REQUIRED WORK:
When you copy the data, keep every line exactly as written and skip the pictures.

··· DATASET RECORDS ···

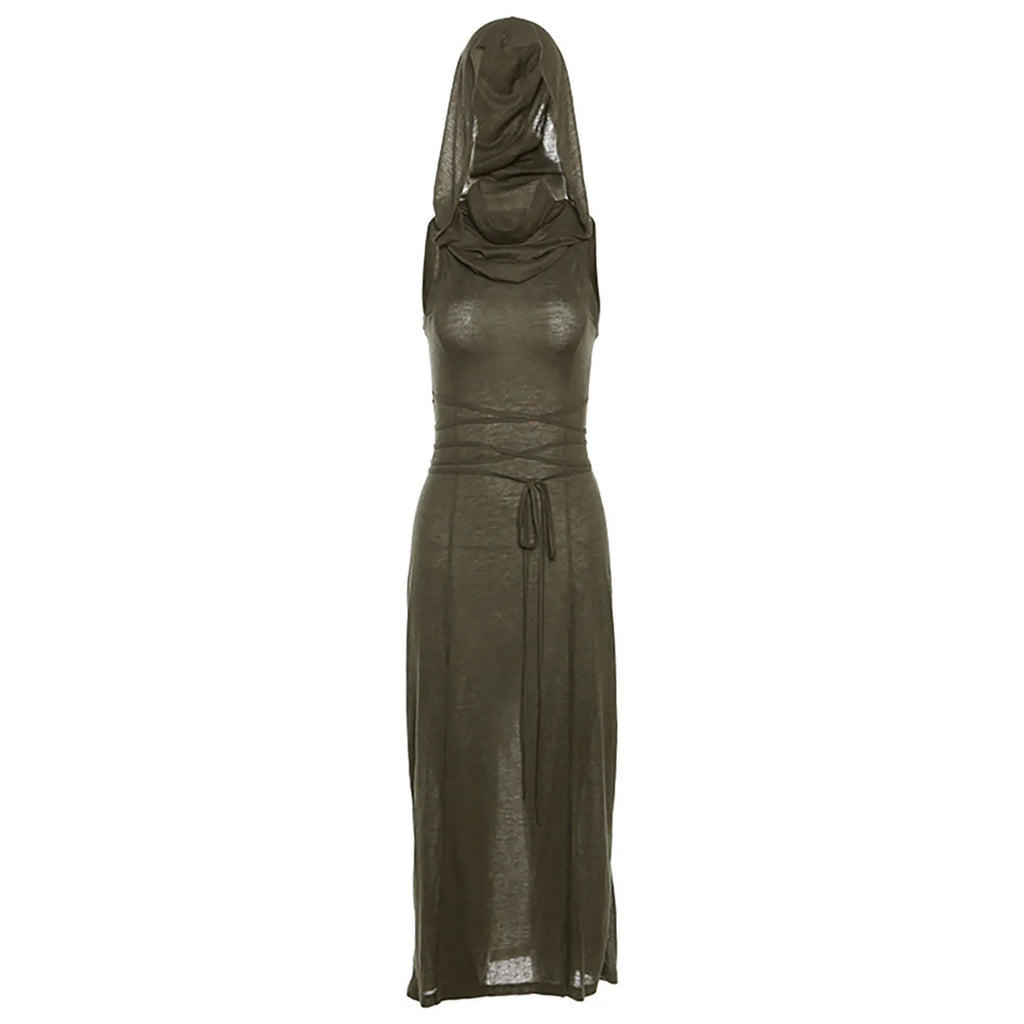Gótico deserto walker vestidos com capuz feminino goth cyber y2k punk grunge oco para fora midi vestido sexy split side sólido streetwear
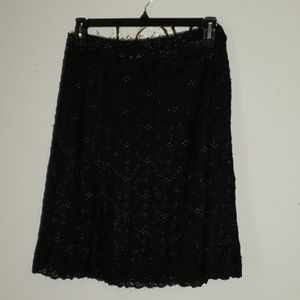 cAbi Ladies black and nude lace skirt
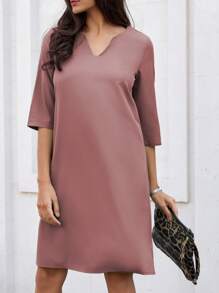 INAWLY 大码女式V领宽松长袖连衣裙，夏季时尚 - 粉色 - 查看 4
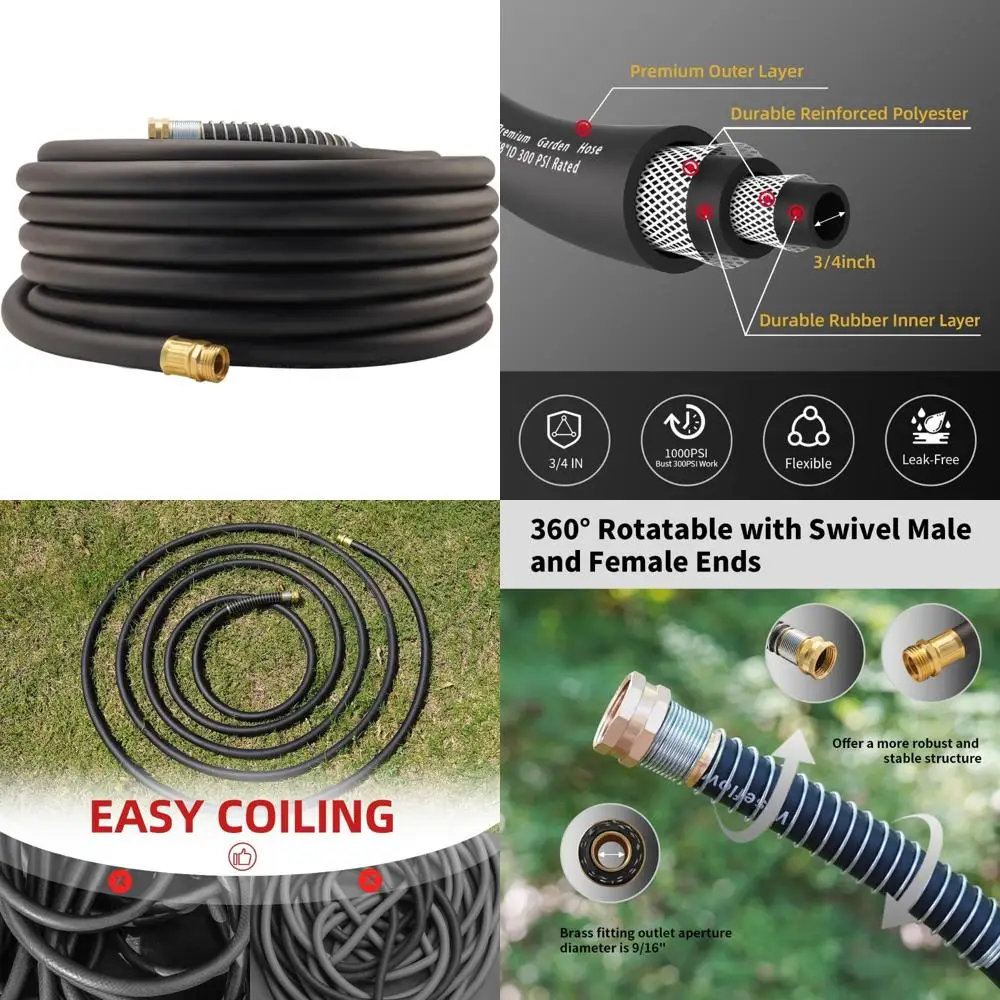 

Heavy-Duty 90-Foot 3/4-Inch Five-Layer Braided Rubber Water Hose with Male and Female Fittings, 1000 PSI Burst Pressure, Garden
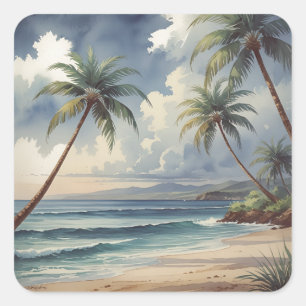 Palmboom Hawaiaanse Reis Honolulu Blauwe Zee Vierkante Sticker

···

WRITTEN SOLUTION:
Gótico deserto walker vestidos com capuz feminino goth cyber y2k punk grunge oco para fora midi vestido sexy split side sólido streetwear
 cAbi Ladies black and nude lace skirt
 INAWLY 大码女式V领宽松长袖连衣裙，夏季时尚 - 粉色 - 查看 4

Heavy-Duty 90-Foot 3/4-Inch Five-Layer Braided Rubber Water Hose with Male and Female Fittings, 1000 PSI Burst Pressure, Garden
 Palmboom Hawaiaanse Reis Honolulu Blauwe Zee Vierkante Sticker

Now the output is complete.